The committee will convene to review proposals, which include introducing a new weekly food waste collection and changing the frequency of refuse bin collections across East Herts.
Waste, recycling and street cleansing services operate as part of a shared service with North Herts Council who will be meeting to consider similar service changes in the coming weeks.
If approved, food waste would be collected weekly at the kerbside from 2025 when the government is expected to mandate this change as part of its new waste and resources strategy. The food waste collected would be turned into a rich compost, helping to improve the district’s recycling rate.
Also included is a move to empty refuse bins for general rubbish every three weeks, instead of the current fortnightly cycle. The move would help the council cope with an expected cost increase of up to £1.3m, with further pressures on council finances expected as inflation peaks at its highest level for decades. The council collects waste from 62,000 homes at a cost of over £3.5m a year, making it one of its largest areas of expenditure.
Introducing a three weekly collection cycle would:
- Reduce carbon emissions by an estimated 60 tonnes as collection vehicles would be out for less time and cover a lower mileage
- Save around £270k a year, a substantial reduction in the current landscape of rising costs and other pressures on council budgets
- Reduce waste by encouraging residents to free up space in their refuse bin.
- Help increase the district’s recycling rate - recent analysis of refuse bins in East Herts found that 43% of the contents could be recycled.*
Under the proposals recycling would continue to be collected on a fortnightly basis in a wheeled bin for mixed dry recycling and a separate box for paper.
The results from a recent public consultation seeking views on people’s recycling and waste habits have helped inform the proposal.
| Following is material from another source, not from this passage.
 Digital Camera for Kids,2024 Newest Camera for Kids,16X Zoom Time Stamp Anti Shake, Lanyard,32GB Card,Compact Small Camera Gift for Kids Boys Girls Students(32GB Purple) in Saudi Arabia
Among the results it was positive to see that:
- 76% of respondents say ‘I care about the environment and climate change and do my bit’
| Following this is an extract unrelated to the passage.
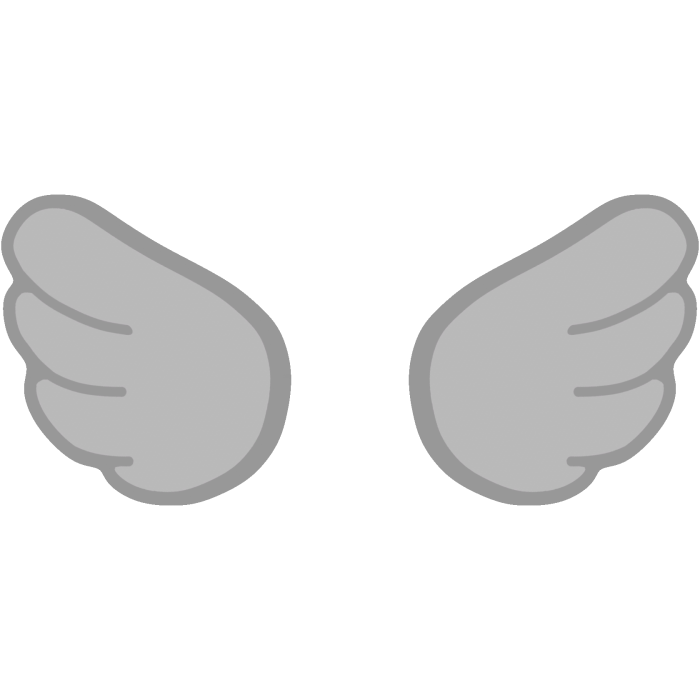 ♡ Cute Glowing Chibi Angel Wings Gray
- Nearly 45% said their refuse bins for general waste are either half-full or quarter-full when it’s time to be collected
- 84% of respondents agreed the council should do more to make people recycle and reduce waste and 74% of residents agreed the council should invest in or change services to reduce its carbon footprint.
Cllr Graham McAndrew, Executive Member for Environmental Sustainability, said: “I was greatly encouraged by the survey results, which clearly show residents want to help improve our recycling rate and reduce waste in East Herts.
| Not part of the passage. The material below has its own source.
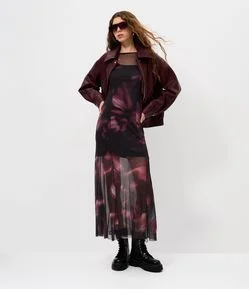 Vestido Midi em Tule com Efeito Manchado e Recortes na Barra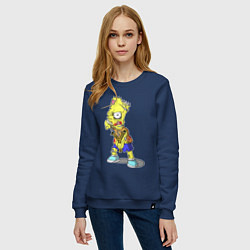 Свитшот хлопковый женский Барт Симпсон -зомби целится из рогатки, цвет: тёмно-синий — фото 2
“Our current collection contract ends in spring 2025, so we need to look at the service now to ensure we have explored all options to achieve value for money and increase levels of recycling.
“At the moment, a three-weekly refuse bin collection cycle is just a proposal, but we all need to do our bit for the planet which includes looking at our waste habits – reducing what we throw away, reusing items where possible and recycling as much as we can at the kerbside and elsewhere. Almost half of survey respondents said their refuse bin is less than half full, which combined with the results of our recent analysis and the addition of a food waste collection, gives us the confidence that residents could manage this change.
“If councillors agree our proposals, we know some households might need more support, such as those living in larger households, those with multiple children using disposable nappies or people with other special waste needs, and we will have measures in place to help them.”
A series of cross-party workshops with local councillors from both authorities helped to shape the proposals, which following Overview and Scrutiny will be considered by the council’s Executive on 25 October. If endorsed, three-weekly waste collections would be introduced from spring 2025.
An increasing number of councils in England and Wales already have three-weekly general waste collections, with some in Wales and Scotland having monthly collections.